- _INSTRUCTIONS FOR THE TASK_:
Could the data below be printed out exactly, with the pictures left out?

- _INFORMATION SUPPLIED_:
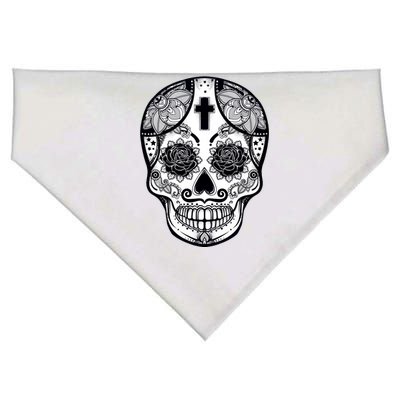 Grey Style Flower Skull Skeleton Graphic USA-Made Doggie Bandana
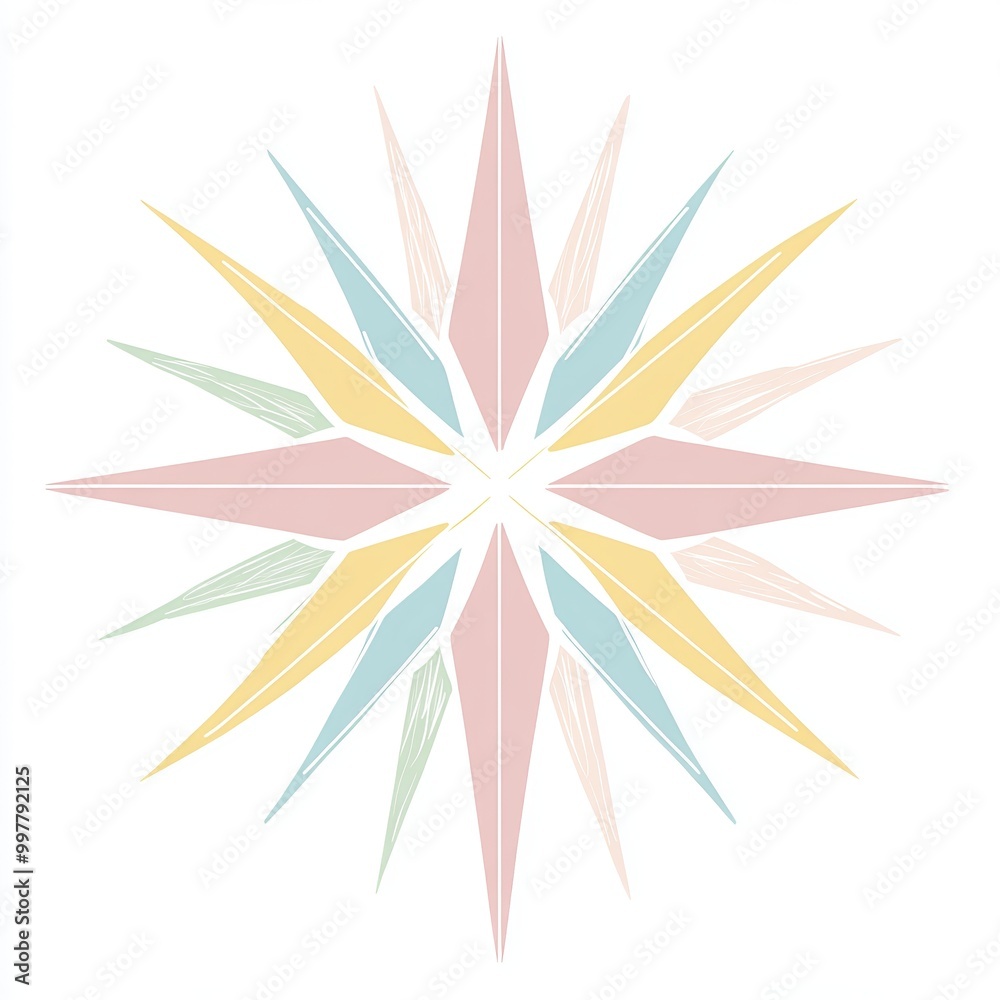 artwork showcases a solstice star created with pastel colors and a flat design style on a clean white backdrop, representing harmony and balance artwork showcases a solstice star created with pastel colors and a flat design style on a clean white backdrop, representing harmony and balance
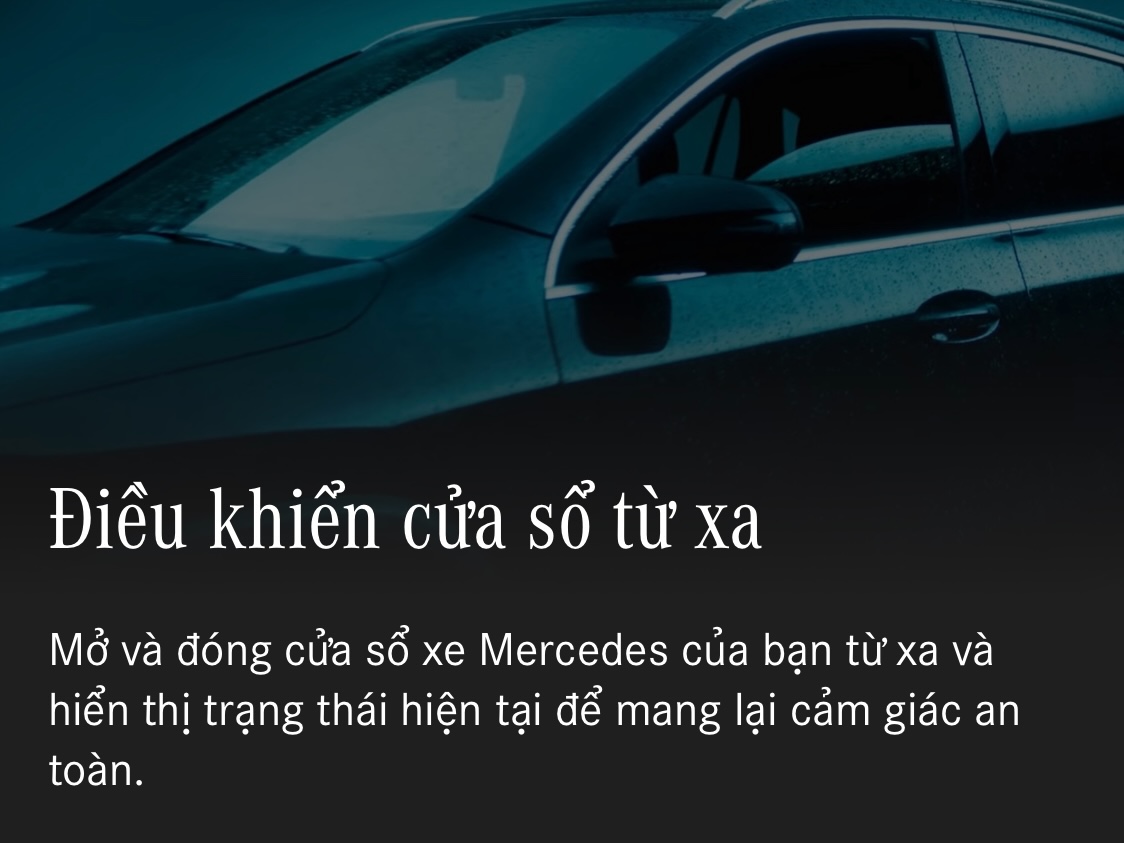 Điều khiển đóng cửa sổ từ xa trên app Mercedes Me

- _ANSWER TO THIS TASK_:
 Grey Style Flower Skull Skeleton Graphic USA-Made Doggie Bandana
 artwork showcases a solstice star created with pastel colors and a flat design style on a clean white backdrop, representing harmony and balance artwork showcases a solstice star created with pastel colors and a flat design style on a clean white backdrop, representing harmony and balance
 Điều khiển đóng cửa sổ từ xa trên app Mercedes Me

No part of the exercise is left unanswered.